BEGIN
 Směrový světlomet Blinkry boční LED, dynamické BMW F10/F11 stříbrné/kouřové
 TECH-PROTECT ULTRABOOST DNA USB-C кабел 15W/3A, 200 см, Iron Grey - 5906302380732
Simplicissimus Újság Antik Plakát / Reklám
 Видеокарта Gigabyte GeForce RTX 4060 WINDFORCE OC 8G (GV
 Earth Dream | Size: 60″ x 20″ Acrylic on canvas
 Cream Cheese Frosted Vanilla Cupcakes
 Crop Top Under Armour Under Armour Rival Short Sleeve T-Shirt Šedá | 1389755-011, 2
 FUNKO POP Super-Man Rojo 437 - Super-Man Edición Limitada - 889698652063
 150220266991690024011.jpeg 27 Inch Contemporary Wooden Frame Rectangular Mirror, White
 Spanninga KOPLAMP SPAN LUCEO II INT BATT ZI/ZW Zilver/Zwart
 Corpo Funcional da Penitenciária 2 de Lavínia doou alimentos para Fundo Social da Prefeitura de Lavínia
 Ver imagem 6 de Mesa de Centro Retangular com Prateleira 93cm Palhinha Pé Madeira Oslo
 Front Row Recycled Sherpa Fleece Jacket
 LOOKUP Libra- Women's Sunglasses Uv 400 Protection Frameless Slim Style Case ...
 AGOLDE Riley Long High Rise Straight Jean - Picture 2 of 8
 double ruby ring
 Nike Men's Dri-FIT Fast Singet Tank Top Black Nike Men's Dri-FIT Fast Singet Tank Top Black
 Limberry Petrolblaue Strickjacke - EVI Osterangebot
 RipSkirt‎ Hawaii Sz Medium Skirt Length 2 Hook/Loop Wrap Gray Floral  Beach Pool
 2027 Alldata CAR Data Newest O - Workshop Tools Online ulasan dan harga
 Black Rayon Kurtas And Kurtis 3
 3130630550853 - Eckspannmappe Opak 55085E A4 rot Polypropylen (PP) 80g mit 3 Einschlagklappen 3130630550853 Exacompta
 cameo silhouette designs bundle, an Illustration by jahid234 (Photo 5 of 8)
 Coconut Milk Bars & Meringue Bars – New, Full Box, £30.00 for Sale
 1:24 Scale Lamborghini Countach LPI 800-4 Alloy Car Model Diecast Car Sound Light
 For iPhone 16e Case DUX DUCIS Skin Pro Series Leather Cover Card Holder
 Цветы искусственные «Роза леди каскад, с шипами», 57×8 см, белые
END
PROBLEM REQUIREMENTS: Going back over the entries above, copy word for word every line from the one that has "Nike Men's Dri-FIT Fast Singet Tank Top Black Nike" on through the one that has "Black Rayon Kurtas And Kurtis 3".

EXERCISE SOLUTION:
 Nike Men's Dri-FIT Fast Singet Tank Top Black Nike Men's Dri-FIT Fast Singet Tank Top Black
 Limberry Petrolblaue Strickjacke - EVI Osterangebot
 RipSkirt‎ Hawaii Sz Medium Skirt Length 2 Hook/Loop Wrap Gray Floral  Beach Pool
 2027 Alldata CAR Data Newest O - Workshop Tools Online ulasan dan harga
 Black Rayon Kurtas And Kurtis 3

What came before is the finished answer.